さて、ちょっと20ツイートほどTLレイプします。お題は、【エロゲにおける「運命共同体」「チーム」もの、というモデルの台頭と今後】 について

青葉乱 @aobaran

【運命共同体・チームもの、とは?】 正式な呼称がないため、あえて自分なりにこう呼びます。家族計画、最果てのイマ、るいは智を呼ぶ、コミュ、桜吹雪、恋色空模様、真剣で私に恋しなさい、リトルバスターズ、などの「チーム結成型」ストーリーを、自分の中ではそう分類しています

青葉乱 @aobaran

従来より部活・バンドもの等の集団性はありましたが、最近は明確な「運命共同体」「チーム」という形を取ったモデルが流行っていると感じます。ジャンプ漫画などの一般的なバトルものでは、古来より取り入れてある手法かなと

青葉乱 @aobaran

ただエロゲにおいては、バトルものにしても「ヒロイン×主人公タッグのボーイミーツガール系」が大半でした。

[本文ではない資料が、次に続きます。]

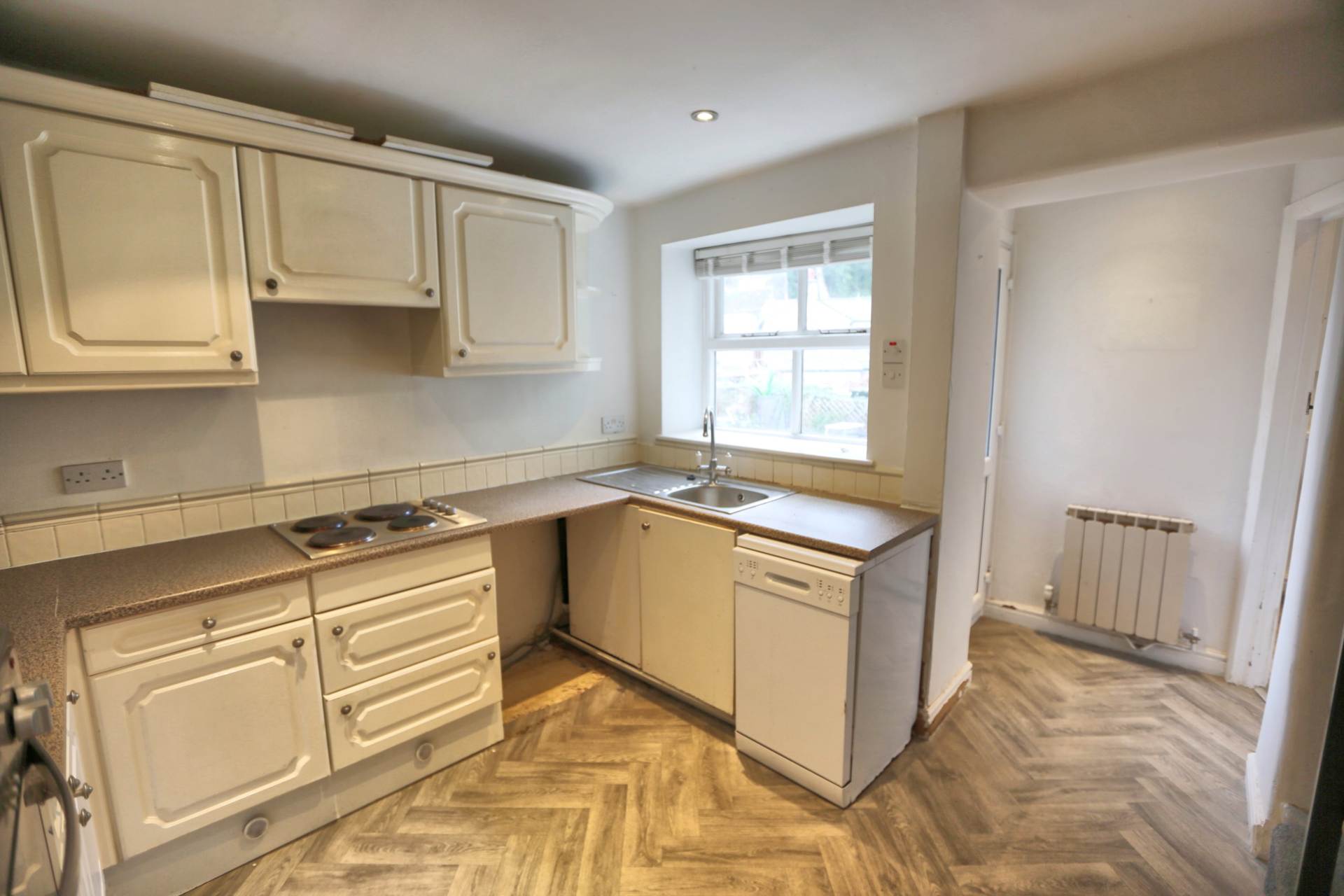 Palmerston Street, Bollington, Image 3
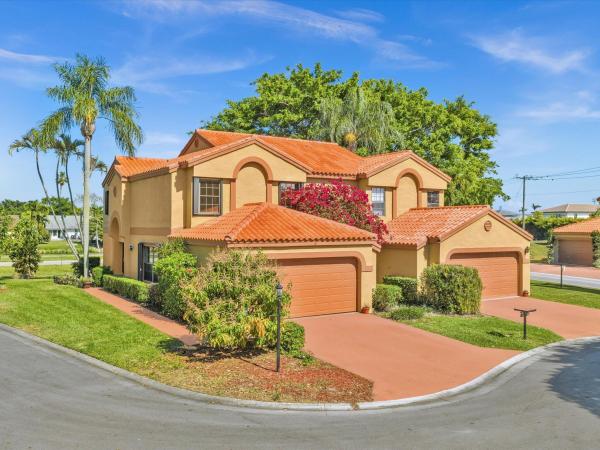 Casa Sul Lago, 19982 Villa Lante Pl, Boca Raton, Florida 33434, image 1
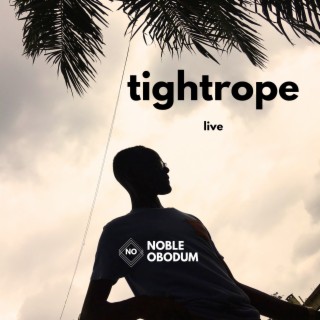 Tightrope (Live)
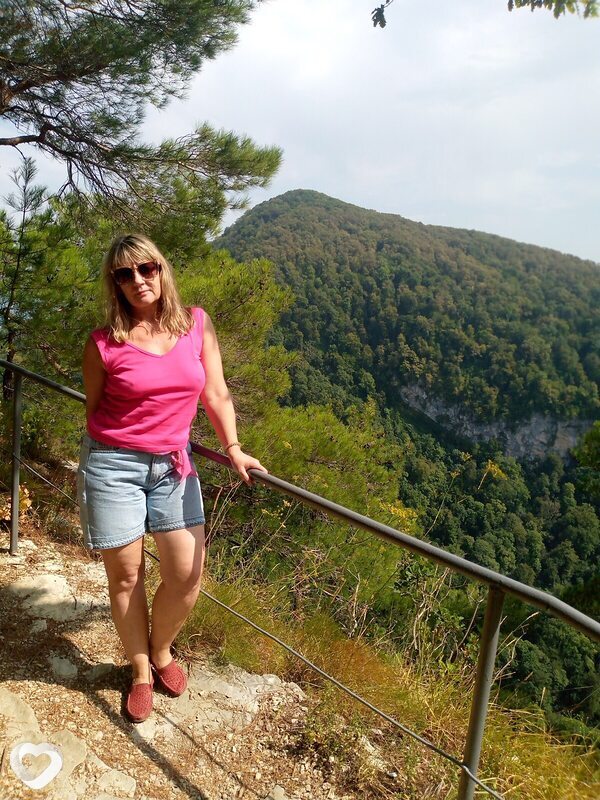 Татьяна, 55, Абакане — анкета №221034
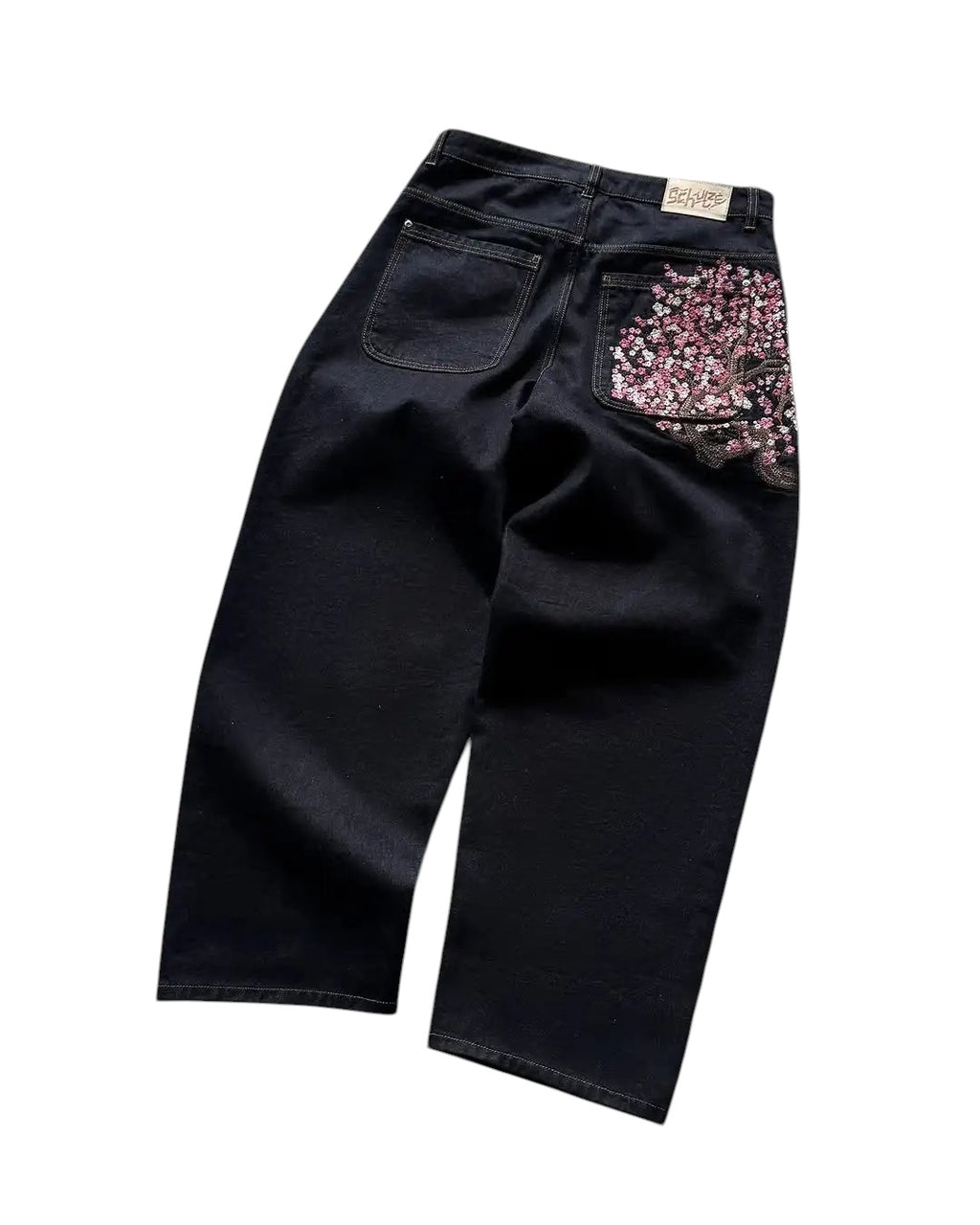 Sakura Jeans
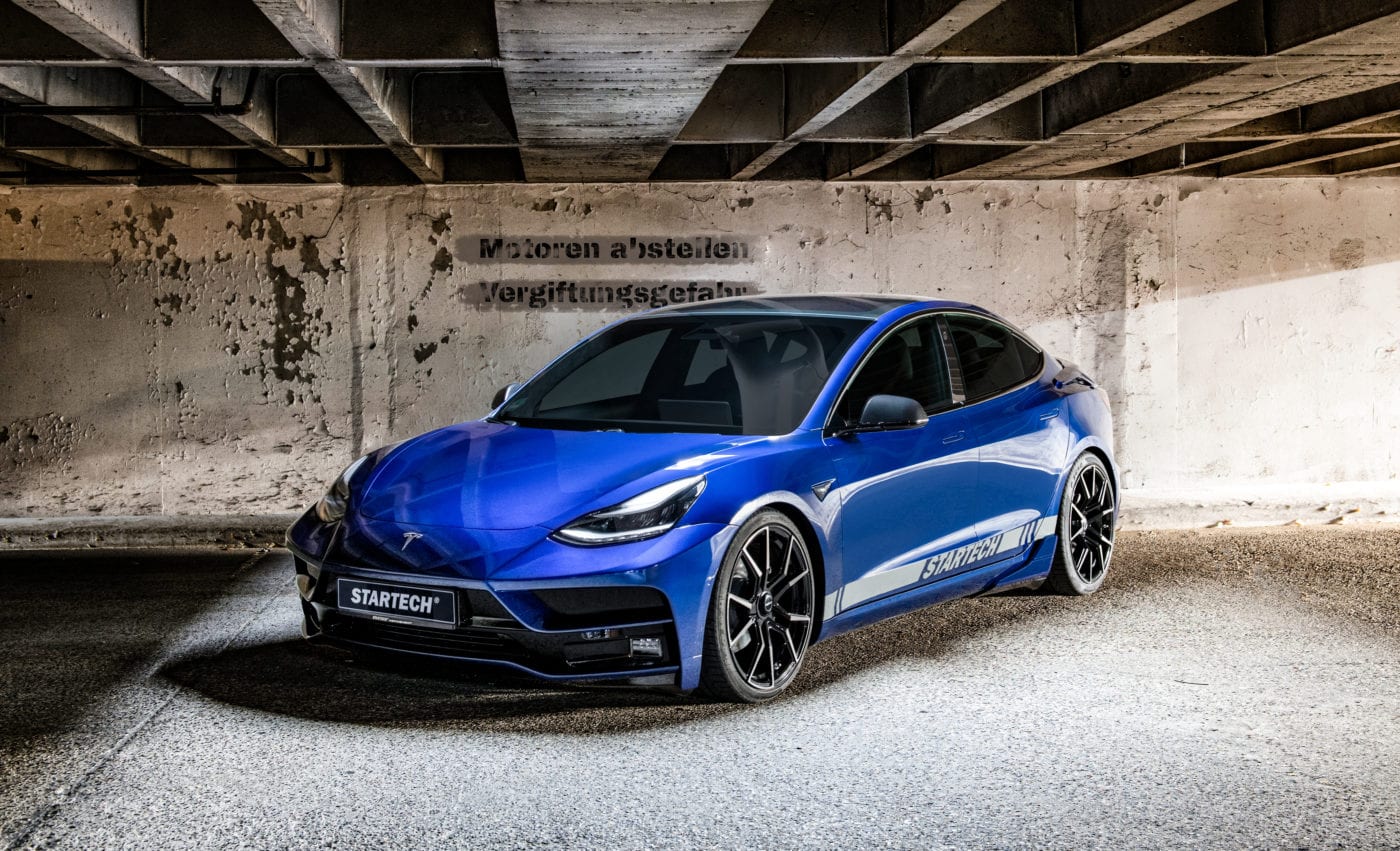 Startech Tesla (2)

いわんや恋愛重視なら、なおさら向いていないモデルではあったと思います

青葉乱 @aobaran

今までは最適でなかった「チーム」というモデル(以降はこの呼称に統一)が、なぜ台頭してきたのか? その点について掘り下げると共に、現在のエロゲ動向について考えてみたい

青葉乱 @aobaran

【特徴】 まず、チームものの大まかな特徴=定義を列挙します。 ①ひとつの集団・チームという形: 信頼関係・絆であったり、単なる利害関係であったり、結び付き方のパターンは様々ですが、ひとつの集団であることが明確とされていること。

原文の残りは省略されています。